[Start of Attachment]

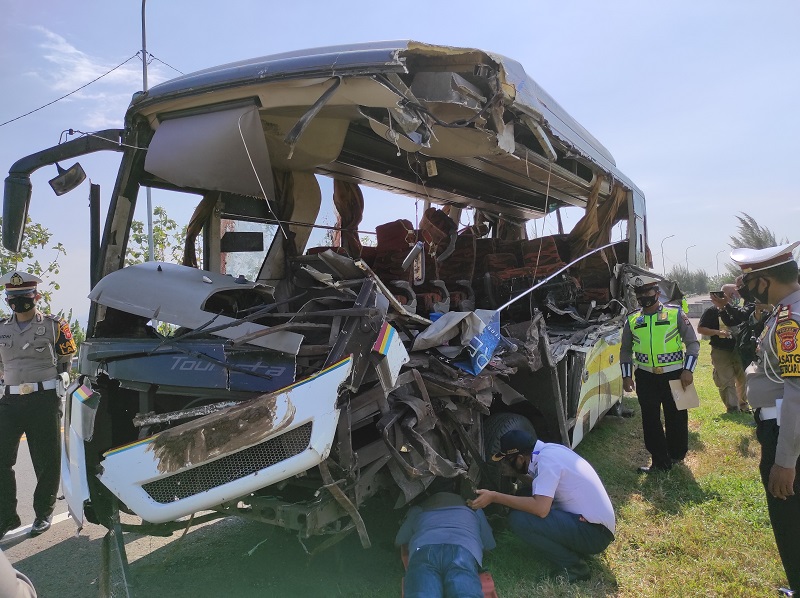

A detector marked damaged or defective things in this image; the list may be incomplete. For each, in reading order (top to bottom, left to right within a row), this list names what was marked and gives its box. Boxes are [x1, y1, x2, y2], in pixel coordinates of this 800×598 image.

severely damaged bus [3, 41, 652, 556]
damaged engine compartment [1, 39, 656, 552]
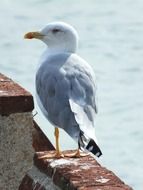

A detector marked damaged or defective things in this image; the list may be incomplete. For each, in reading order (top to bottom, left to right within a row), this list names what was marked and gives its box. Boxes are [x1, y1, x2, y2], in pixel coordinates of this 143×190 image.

rusty stain on brick [0, 73, 33, 115]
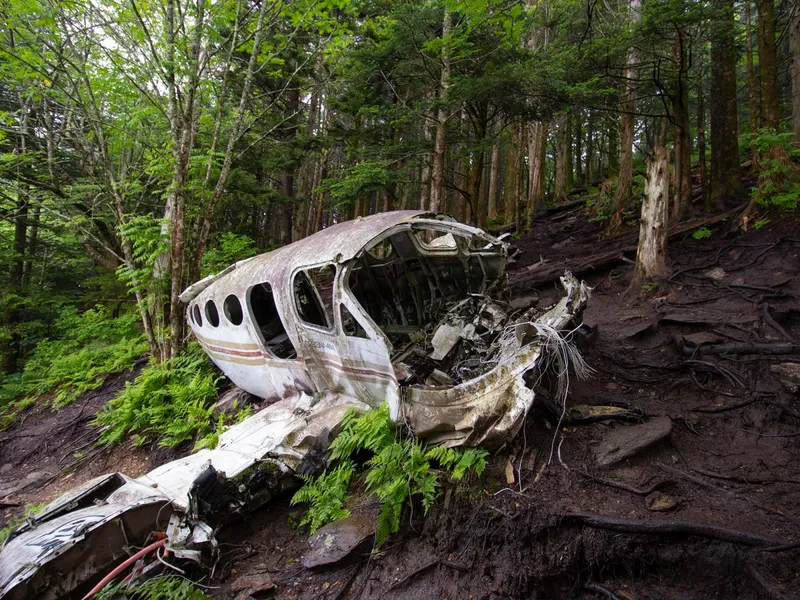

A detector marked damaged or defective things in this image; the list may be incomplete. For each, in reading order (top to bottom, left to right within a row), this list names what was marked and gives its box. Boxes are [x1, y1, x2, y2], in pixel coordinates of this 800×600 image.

crashed small aircraft [0, 211, 588, 596]
fire damage [0, 213, 592, 596]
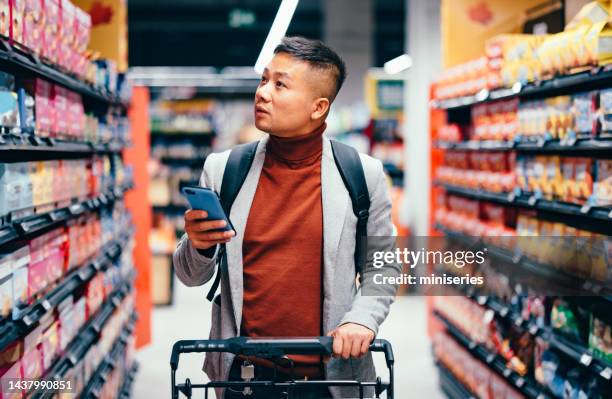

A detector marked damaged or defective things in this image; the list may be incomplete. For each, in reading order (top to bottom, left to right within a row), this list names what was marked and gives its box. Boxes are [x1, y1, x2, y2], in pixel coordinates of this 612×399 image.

rust turtleneck sweater [241, 123, 326, 376]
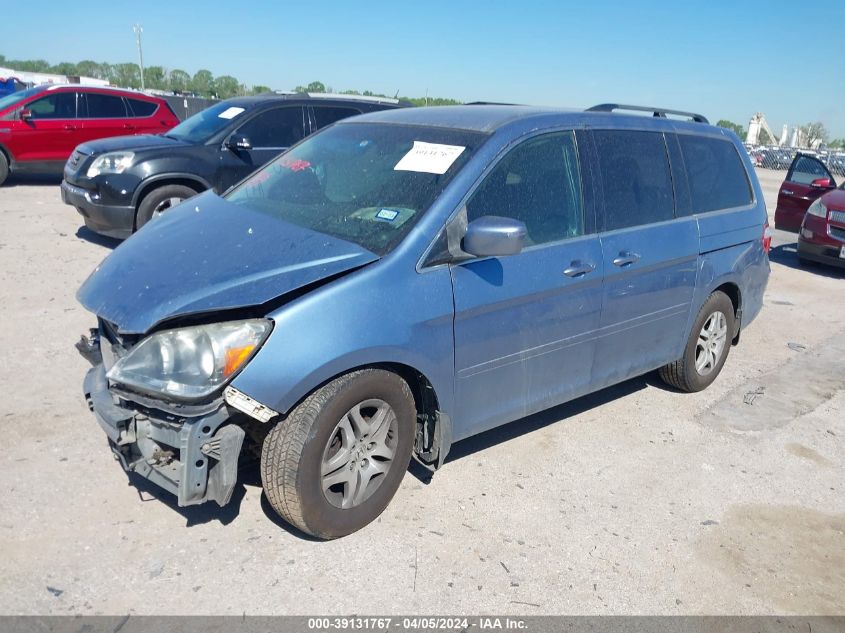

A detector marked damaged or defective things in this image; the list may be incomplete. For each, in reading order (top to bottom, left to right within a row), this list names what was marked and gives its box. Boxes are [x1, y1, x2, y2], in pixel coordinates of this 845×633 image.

crumpled bumper [83, 362, 244, 506]
front-end damage [78, 328, 270, 506]
broken headlight assembly [105, 318, 270, 398]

[End of Attachment]

▸ **Aim of the task**: Lines from the one containing "this 845×633 image." through the last line of the data above are the only output wanted; restate them exactly.

▸ **Task response**:
A detector marked damaged or defective things in this image; the list may be incomplete. For each, in reading order (top to bottom, left to right within a row), this list names what was marked and gives its box. Boxes are [x1, y1, x2, y2], in pixel coordinates of this 845×633 image.

crumpled bumper [83, 362, 244, 506]
front-end damage [78, 328, 270, 506]
broken headlight assembly [105, 318, 270, 398]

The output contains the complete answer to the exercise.